When Metatron, the Scribe of God, a hermit armed with a shotgun and surrounded by hundreds of thousands of books, made his first appearance, I thought I had died and gone to heaven. Given everything I had seen on the page, I could see this fallen angel—eccentric, violent, articulate, unpredictable and hilarious—as being an unexpected gift to any lucky actor, even if he only lasted three episodes, which it turned out was the intention of the show’s writers at the time.
At the same time, as I flew up to Vancouver, British Columbia, to shoot my first episode, I was a little concerned about the kind of set I’d be walking onto. I had only seen a couple of episodes of Supernatural at that time, but I knew that the show’s stars, Jensen Ackles and Jared Padalecki, had been playing these parts at that point for over eight years. Misha Collins, who played the angel Castiel, had been on since season four. These, I was thinking, are young men. I imagined them bitter, bored and exhausted. I recalled countless long-running shows I’d worked on in the past and the insufferable behavior of those lucky actors whose regular employment on popular programs seemed to be the worst kind of cross to bear. Contractually obligated to play the same role for sometimes unimaginable amounts of money, they seemed to feel, was a kind of wretched suffering that people like us—mere supporting players—would never know. I knew nothing personally of these men who were already international stars thanks to Supernatural, but under the circumstances, I was prepared for the worst.
When they turned out to be professional, supportive, thoughtful and funny men who came to the set on time and prepared to work and were welcoming and generous to boot, I was flabbergasted.

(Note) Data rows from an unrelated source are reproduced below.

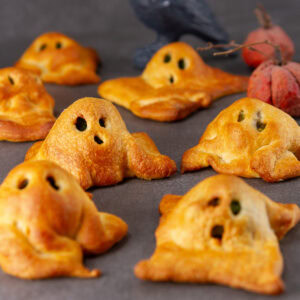 square crop of crescent ghosts on a black background.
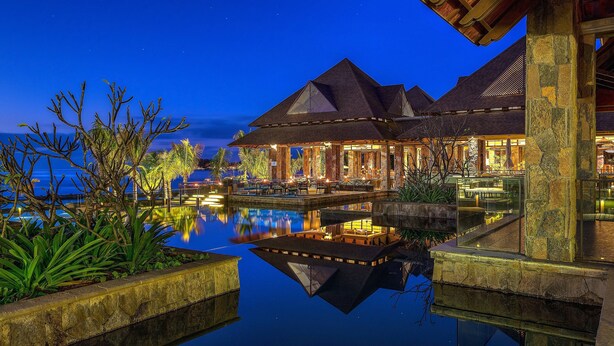 A resort with a pool, outdoor seating, and a night-time view of the sky. - The Westin Turtle Bay Resort & Spa, Mauritius (Balaclava)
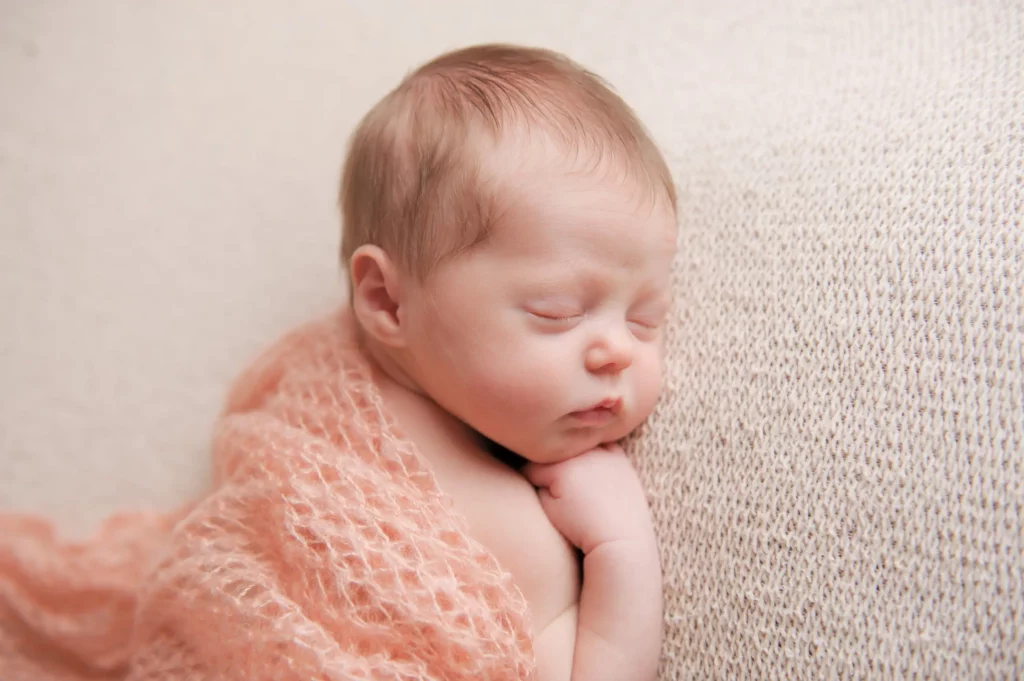 A newborn baby with light hair is peacefully sleeping on a light-textured knit blanket, bringing a sense of warmth and home. The baby is wrapped in a soft pink knitted blanket, with its tiny hands tucked under its chin and eyes gently closed. The overall scene radiates tranquility and innocence. - Image by Kristin Milito Photography, Chicago IL.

More astonishing still was realizing that the absolute believability Jared and Jensen brought to playing brothers Sam and Dean Winchester extended to their real life as well. I would say that they are as close as brothers but I understand from people who have brothers, like my sister, that you really want to kill your brother most of the time. One of these men and his wife actually moved to Texas to be closer to the other man and his wife. During my final episode on the show, we had a four-day weekend and the two of them took off with a friend of theirs into the wilderness to fish and shoot at exploding targets. (“Yep,” said Jensen to me when they returned, “a real redneck holiday.”) They don’t argue, at least not publicly. They are two good-natured, even-tempered Texas men who found themselves on a show that appears to be running forever and who are smart enough to realize a good thing when it’s handed to them. And it is their warmth and generosity of spirit that sets the tone for the remarkable Supernatural conventions. These are not Comic-Con–like conventions where there is a booth and panel dedicated to Supernatural—these are three-day Supernatural conventions, attended by all of the series stars, plus assorted guest stars and occasionally writers and producers as well. Thousands of people attend them, and they are held not just domestically, but internationally. And the actors appear at these conventions ten times a year, all over the world. And what makes all of that possible—the money, the travel, the private jet—is the fandom.